Looking at upgrading bow after season, kinda narrowed down between Mission Mxr, Hoyt Torrex, Bear Divergent. Bare bow. I know i need to go handle and shoot these before final decision. Anyone own these or shot them? Just looking for opinions, pros/cons. Thanks


----------



## outdoorsaddict99 (Jul 9, 2016)

I have shot all 3, in my opinion the Torrex is the way to go. I live 3 miles from an archery shop and know me well enough to allow me to go in and fiddle around from time to time and I enjoy shooting different bows so I go frequently. The Torrex and MXR both shot very well, and in my opinion the bear didn't quite keep up in qualities (for me at least) . Both bows had good draw cycles but the MXR letoff and backwall was very squishy/spongy in comparison to the draw cycle, valley and solid backwall of the torrex. If I had to choose between those 3 the Torrex would come out on top. Not to mention its speed ratings are very respectable. The MXR just felt almost more like a beginner bow to me.


----------



## aacosta (Dec 18, 2015)

outdoorsaddict99 said:


> I have shot all 3, in my opinion the Torrex is the way to go. I live 3 miles from an archery shop and know me well enough to allow me to go in and fiddle around from time to time and I enjoy shooting different bows so I go frequently. The Torrex and MXR both shot very well, and in my opinion the bear didn't quite keep up in qualities (for me at least) . Both bows had good draw cycles but the MXR letoff and backwall was very squishy/spongy in comparison to the draw cycle, valley and solid backwall of the torrex. If I had to choose between those 3 the Torrex would come out on top. Not to mention its speed ratings are very respectable. The MXR just felt almost more like a beginner bow to me.
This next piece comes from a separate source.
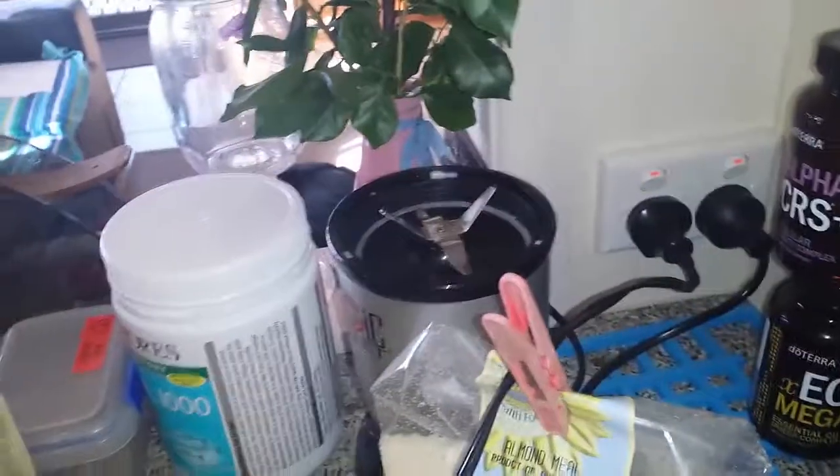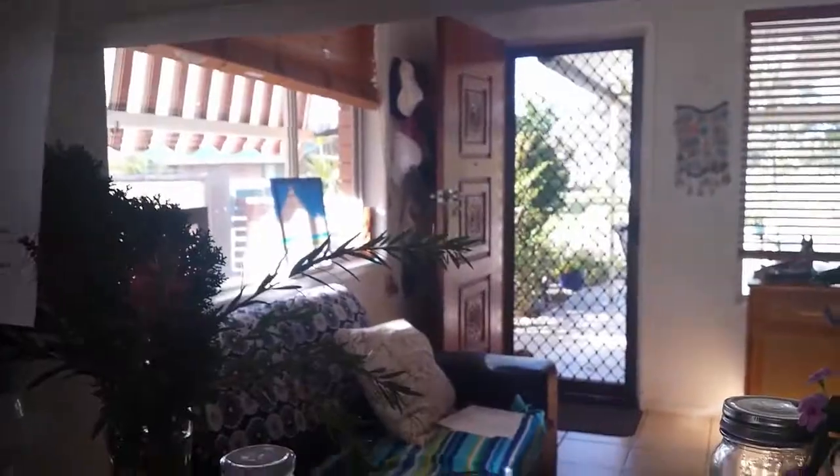This is what we put in: lemon, almond milk, walnuts, and bananas, and then over here we put in some honey and some eggs and some other things too.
Thanks for the reply, great info. Nice that you've shot all 3. Will be testing out in February (birthday). Leaning towards the torrex xt from specs. Any other opinions around the same price range? Coming from a bear encounter 2012 model.


----------



## outdoorsaddict99 (Jul 9, 2016)

aacosta said:


> Thanks for the reply, great info. Nice that you've shot all 3. Will be testing out in February (birthday). Leaning towards the torrex xt from specs. Any other opinions around the same price range? Coming from a bear encounter 2012 model.


I really like how the PSE bruteNXT shoots, very similar price range as well. that would be a close toss up for me to decide. I shoot tons and tons of bows every year, as well as buy and sell used bows/Do bow work for people out of my home "shop".


----------



## outdoorsaddict99 (Jul 9, 2016)

You just might like the mission MXR because the draw feels and shoots similarly to the draw cycle of the Encounter, obviously the grip is different and the weight balance is different, but the draw cycle feels similar to the encounters from my standpoint. In the end they are all good bows for the price range they fall into, Don't get me wrong.


----------



## aacosta (Dec 18, 2015)

Thanks, this is a helpful starting point. Once i get them "in hand" ill have a better idea.


----------